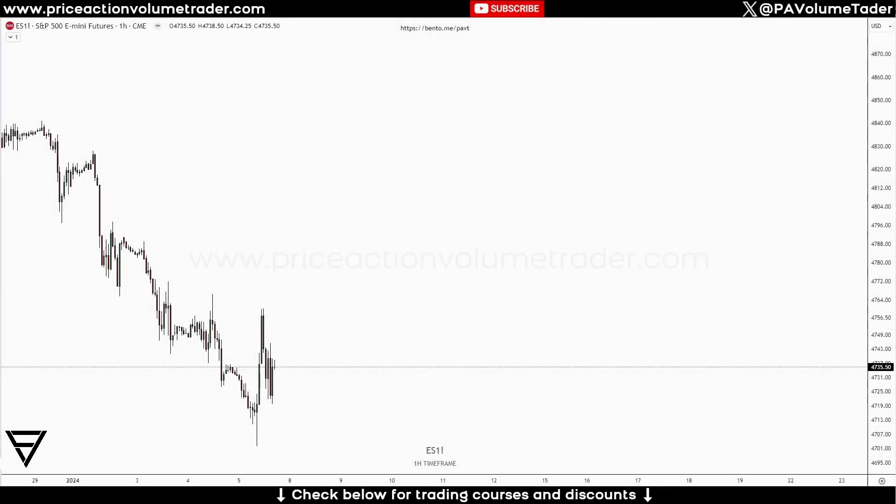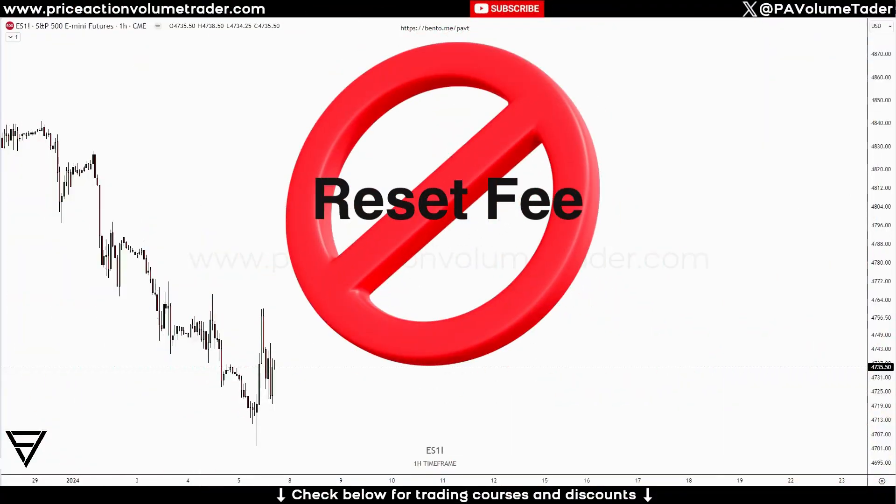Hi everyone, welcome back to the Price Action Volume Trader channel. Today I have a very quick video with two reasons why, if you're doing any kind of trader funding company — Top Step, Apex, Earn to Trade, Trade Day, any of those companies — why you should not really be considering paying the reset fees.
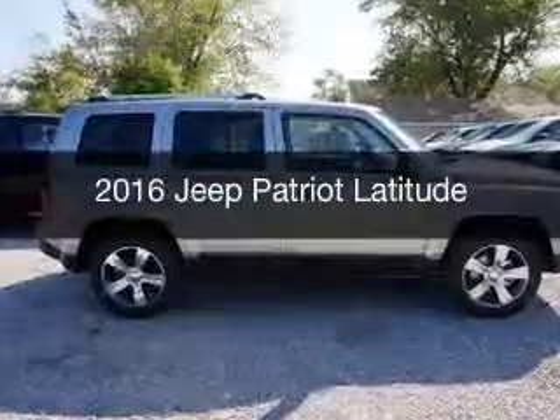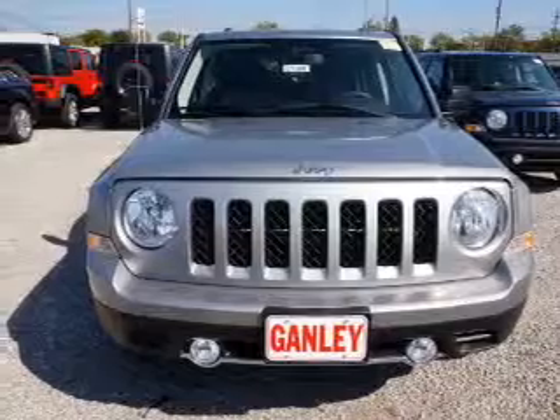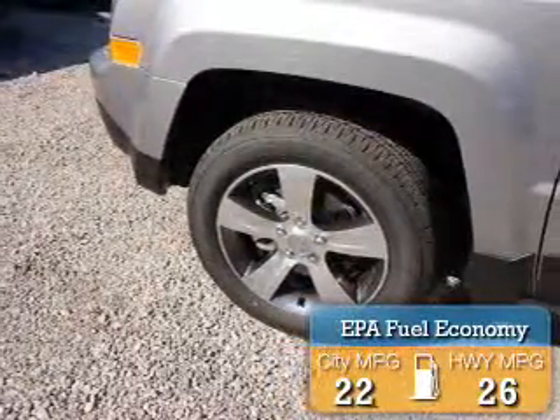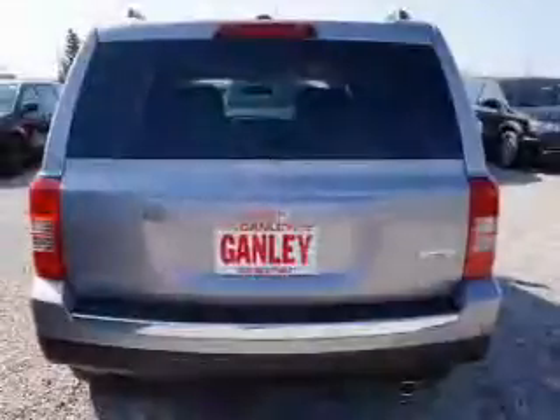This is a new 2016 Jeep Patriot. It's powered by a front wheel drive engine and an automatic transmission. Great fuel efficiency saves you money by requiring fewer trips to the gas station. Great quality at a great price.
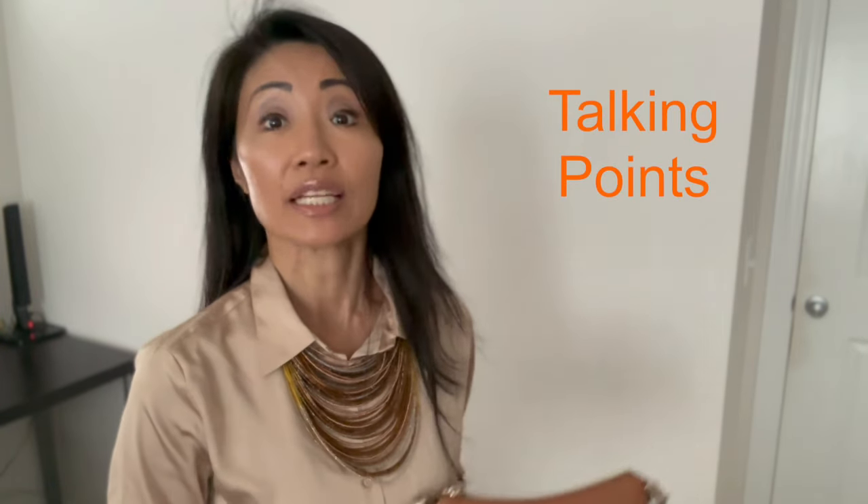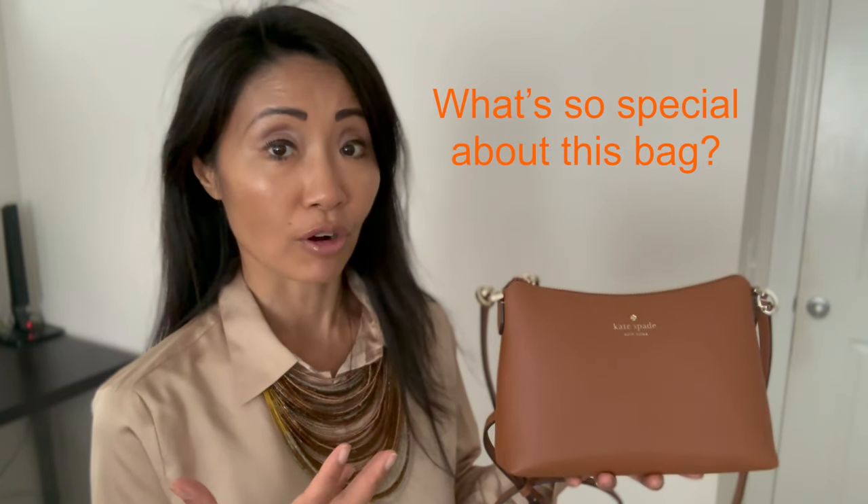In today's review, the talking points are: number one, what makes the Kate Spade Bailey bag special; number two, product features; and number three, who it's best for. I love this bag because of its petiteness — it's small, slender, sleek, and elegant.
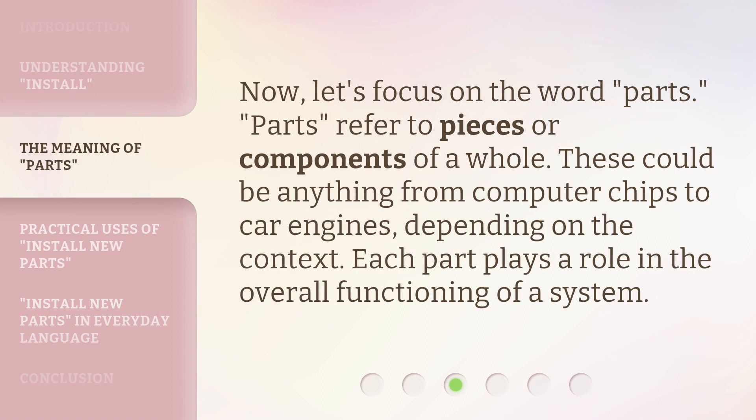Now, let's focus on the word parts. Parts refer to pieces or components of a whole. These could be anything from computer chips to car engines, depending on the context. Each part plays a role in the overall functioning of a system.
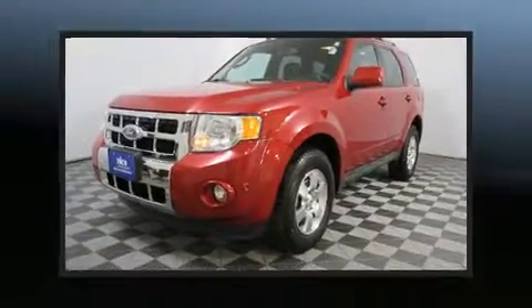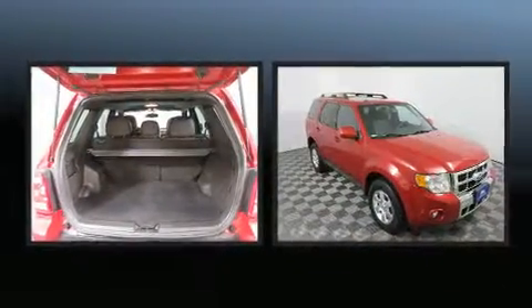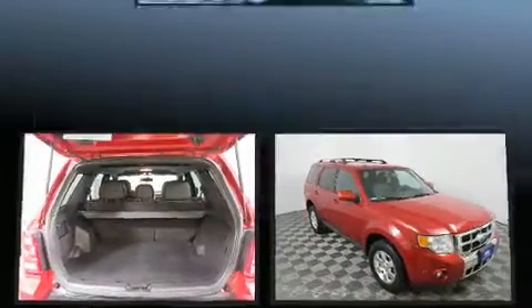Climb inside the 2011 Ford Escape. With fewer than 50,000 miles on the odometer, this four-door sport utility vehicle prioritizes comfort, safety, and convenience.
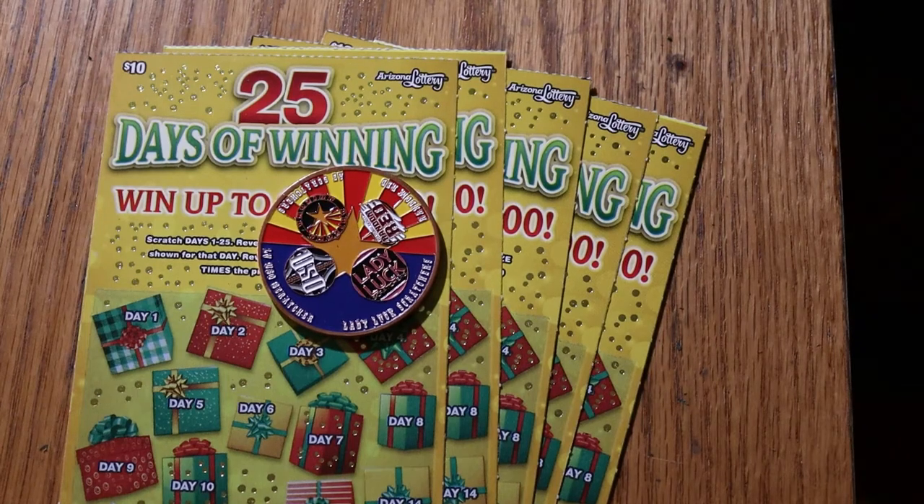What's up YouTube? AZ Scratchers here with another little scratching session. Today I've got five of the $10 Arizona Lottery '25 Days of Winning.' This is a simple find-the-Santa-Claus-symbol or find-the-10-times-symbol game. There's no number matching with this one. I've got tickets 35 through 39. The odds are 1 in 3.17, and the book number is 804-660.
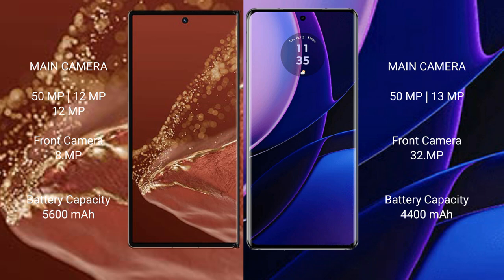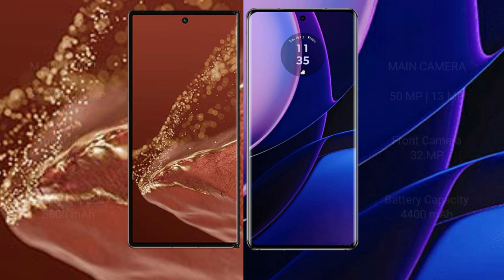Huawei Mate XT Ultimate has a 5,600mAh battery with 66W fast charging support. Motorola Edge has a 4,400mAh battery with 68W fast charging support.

**Task description**
The expected result is every record above, word for word, with no pictures in it.

**Solved problem**
Hi everyone, welcome back to the Price Action Volume Trader channel. Today I have a very quick video with two reasons why, if you're doing any kind of trader funding company — Top Step, Apex, Earn to Trade, Trade Day, any of those companies — why you should not really be considering paying the reset fees.
This is a new 2016 Jeep Patriot. It's powered by a front wheel drive engine and an automatic transmission. Great fuel efficiency saves you money by requiring fewer trips to the gas station. Great quality at a great price.
In today's review, the talking points are: number one, what makes the Kate Spade Bailey bag special; number two, product features; and number three, who it's best for. I love this bag because of its petiteness — it's small, slender, sleek, and elegant.
Now, let's focus on the word parts. Parts refer to pieces or components of a whole. These could be anything from computer chips to car engines, depending on the context. Each part plays a role in the overall functioning of a system.
Climb inside the 2011 Ford Escape. With fewer than 50,000 miles on the odometer, this four-door sport utility vehicle prioritizes comfort, safety, and convenience.
What's up YouTube? AZ Scratchers here with another little scratching session. Today I've got five of the $10 Arizona Lottery '25 Days of Winning.' This is a simple find-the-Santa-Claus-symbol or find-the-10-times-symbol game. There's no number matching with this one. I've got tickets 35 through 39. The odds are 1 in 3.17, and the book number is 804-660.
Huawei Mate XT Ultimate has a 5,600mAh battery with 66W fast charging support. Motorola Edge has a 4,400mAh battery with 68W fast charging support.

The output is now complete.